There was no change to the UK’s 2% digital services tax on US firms in this deal, despite reports there could be.
The UK has removed tariffs on American beef and other agricultural products, Trump said.
There will be no weakening of UK food standards on imports, the UK government statement said.
Many American farmers use growth hormones as a standard part of their beef production, something that was banned in the UK and the European Union in the 1980s.
I took this image from Trump’s truthsocial page.
Also why would we buy Boeings which aren’t airworthy, when we have involvement in Airbus?
That seems like the only portion of the deal where the UK got the short end. Though, according to Lutnick, the Rolls Royce engines in Boeings (made in the UK) will now be exempt from tariffs so the UK gets some benefit from that too.

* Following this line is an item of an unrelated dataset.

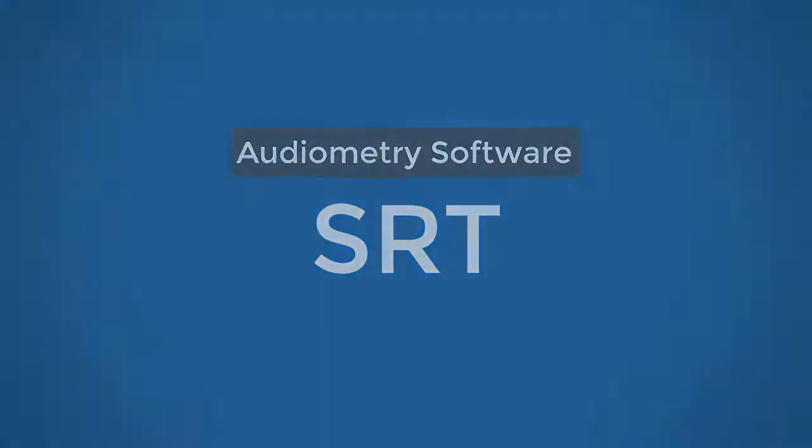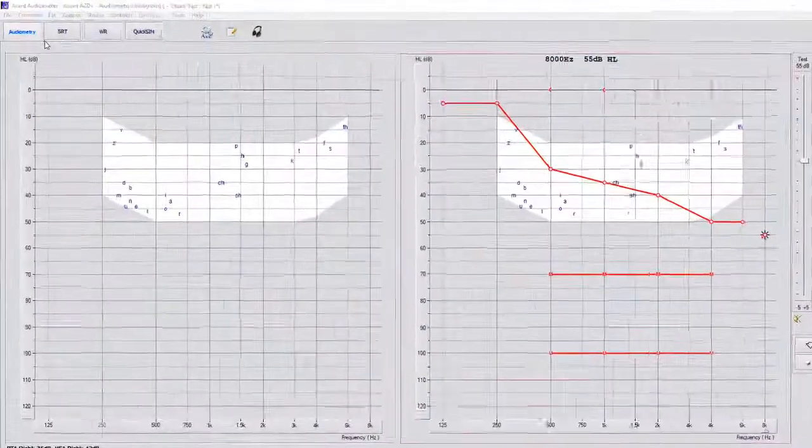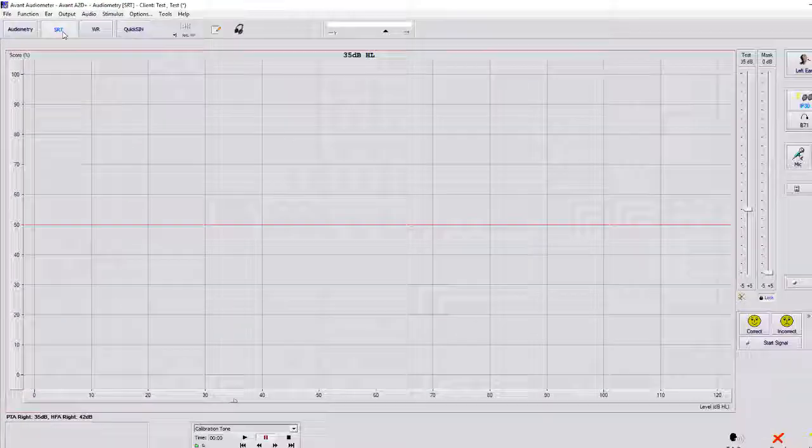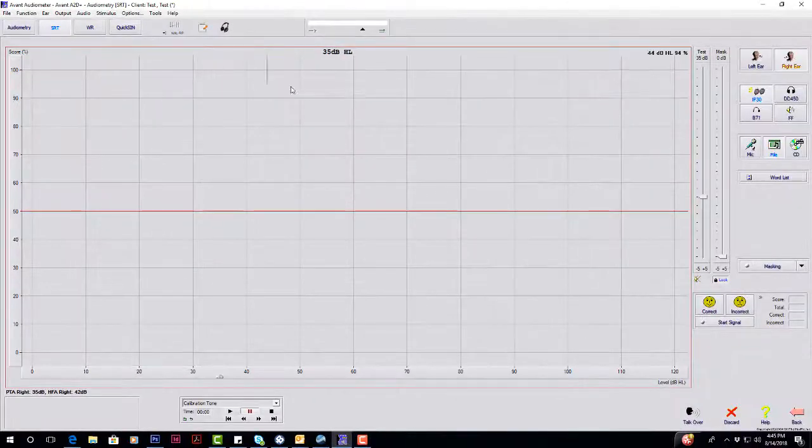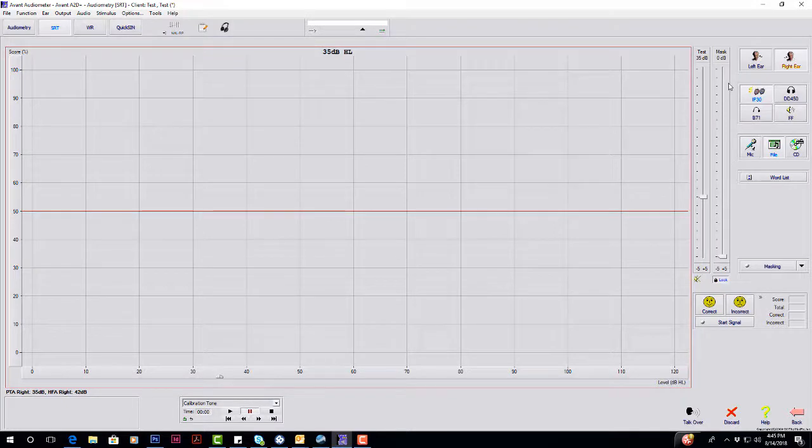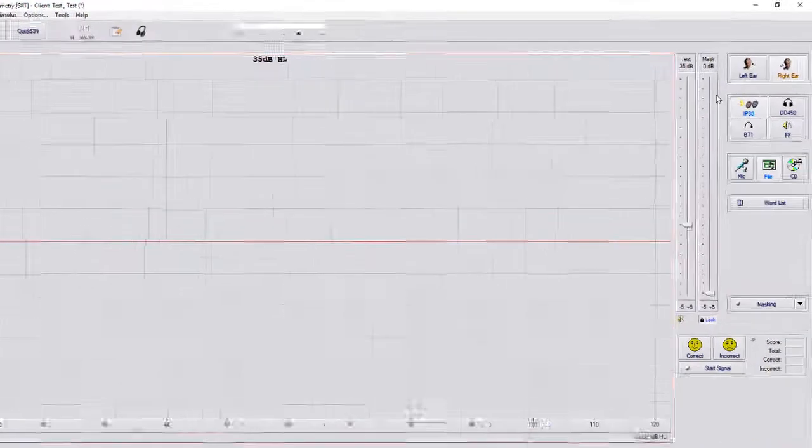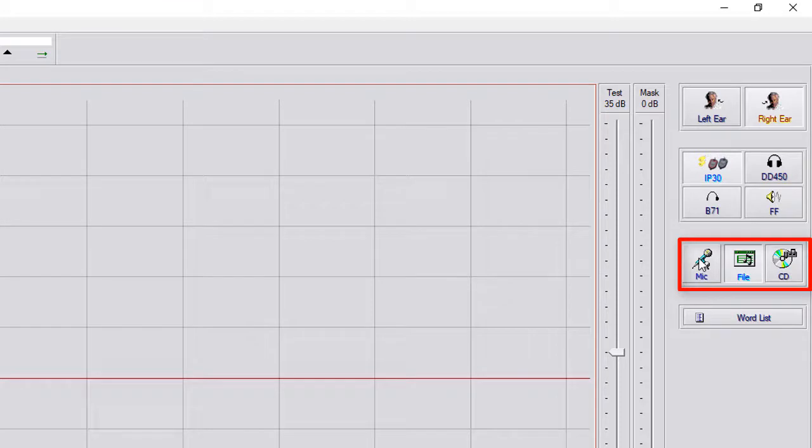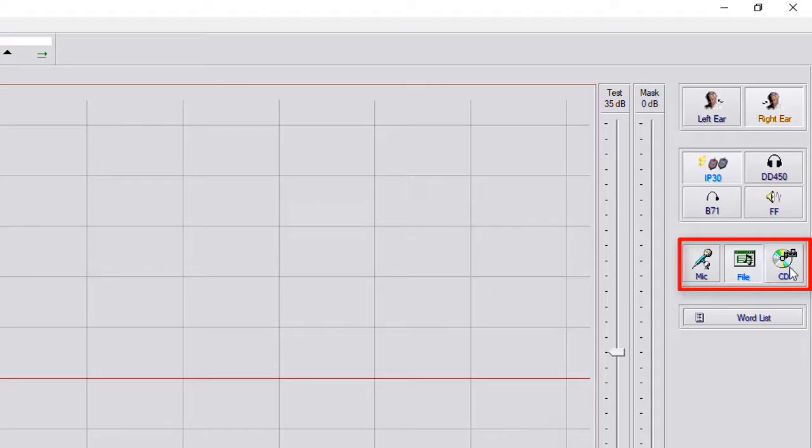Alright, next on our list is going to be SRT, and within SRT you have three options. You can use microphone, which is going to be the toughest, and you have the built-in files which is what we recommend, and if you have your own specific CD you can use that as well.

Opening the market to agriculture should have minimal impact unless US farmers are going to start meeting UK and European standards which is unlikely. I doubt the overhead would be worth it.
10% tariff on cars is not ideal but only 15% of UK car exports go the US. Sales will be impacted in the US no doubt, but this is far from catastrophic. May even be an oppurunity to expand into other markets.
Overall impression from this is that the US administration doesn’t know what it’s doing.
Having increased access to a market does not guarantee revenue. There needs to be actual demand for US goods (there isn’t in many of these cases) and US goods need to meet local regulatory guidelines (they don’t in the case of beef) for this to be a profitable agreement for the US.
I know Trump thinks America is a luxury store but oversized cars and chlorinated meats, no matter how luxurious, are not practical or desirable in every market.
This is starting to look like peak neoliberal (free and open markets solve all) and neocolonial (coercion via economic force) brain rot coming to fruition.